(AVAILABLE DATA)

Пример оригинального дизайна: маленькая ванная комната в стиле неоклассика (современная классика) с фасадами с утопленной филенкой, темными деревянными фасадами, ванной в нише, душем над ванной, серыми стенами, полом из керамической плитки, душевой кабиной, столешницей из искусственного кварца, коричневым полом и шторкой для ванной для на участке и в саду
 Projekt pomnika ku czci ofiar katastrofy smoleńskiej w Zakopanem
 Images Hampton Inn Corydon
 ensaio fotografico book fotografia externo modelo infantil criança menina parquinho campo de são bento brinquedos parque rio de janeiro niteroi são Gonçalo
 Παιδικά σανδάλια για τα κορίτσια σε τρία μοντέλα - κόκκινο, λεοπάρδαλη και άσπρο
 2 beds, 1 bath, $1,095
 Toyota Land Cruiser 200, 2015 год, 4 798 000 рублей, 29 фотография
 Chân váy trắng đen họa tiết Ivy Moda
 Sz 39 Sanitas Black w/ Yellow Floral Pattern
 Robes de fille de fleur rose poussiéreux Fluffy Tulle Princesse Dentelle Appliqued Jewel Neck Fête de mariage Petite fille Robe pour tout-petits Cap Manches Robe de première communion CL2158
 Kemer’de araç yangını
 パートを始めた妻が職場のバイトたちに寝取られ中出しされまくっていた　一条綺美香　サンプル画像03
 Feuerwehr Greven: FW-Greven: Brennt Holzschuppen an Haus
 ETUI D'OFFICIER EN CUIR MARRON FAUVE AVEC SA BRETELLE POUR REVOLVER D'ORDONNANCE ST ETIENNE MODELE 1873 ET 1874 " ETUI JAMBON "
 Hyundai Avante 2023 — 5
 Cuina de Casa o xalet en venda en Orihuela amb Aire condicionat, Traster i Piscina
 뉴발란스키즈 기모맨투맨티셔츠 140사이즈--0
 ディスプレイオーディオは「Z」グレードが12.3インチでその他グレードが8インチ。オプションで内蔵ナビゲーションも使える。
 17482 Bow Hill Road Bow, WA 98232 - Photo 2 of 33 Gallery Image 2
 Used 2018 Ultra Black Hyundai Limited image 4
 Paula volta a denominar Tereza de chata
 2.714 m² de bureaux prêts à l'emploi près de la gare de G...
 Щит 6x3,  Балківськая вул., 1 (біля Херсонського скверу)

(End AVAILABLE DATA)

#### [EXERCISE]
Transcribe exactly the lines from the one containing "Feuerwehr Greven: FW-Greven: Brennt" through the end of the records, both included, and nothing else.

#### [TASK ANSWER]
 Feuerwehr Greven: FW-Greven: Brennt Holzschuppen an Haus
 ETUI D'OFFICIER EN CUIR MARRON FAUVE AVEC SA BRETELLE POUR REVOLVER D'ORDONNANCE ST ETIENNE MODELE 1873 ET 1874 " ETUI JAMBON "
 Hyundai Avante 2023 — 5
 Cuina de Casa o xalet en venda en Orihuela amb Aire condicionat, Traster i Piscina
 뉴발란스키즈 기모맨투맨티셔츠 140사이즈--0
 ディスプレイオーディオは「Z」グレードが12.3インチでその他グレードが8インチ。オプションで内蔵ナビゲーションも使える。
 17482 Bow Hill Road Bow, WA 98232 - Photo 2 of 33 Gallery Image 2
 Used 2018 Ultra Black Hyundai Limited image 4
 Paula volta a denominar Tereza de chata
 2.714 m² de bureaux prêts à l'emploi près de la gare de G...
 Щит 6x3,  Балківськая вул., 1 (біля Херсонського скверу)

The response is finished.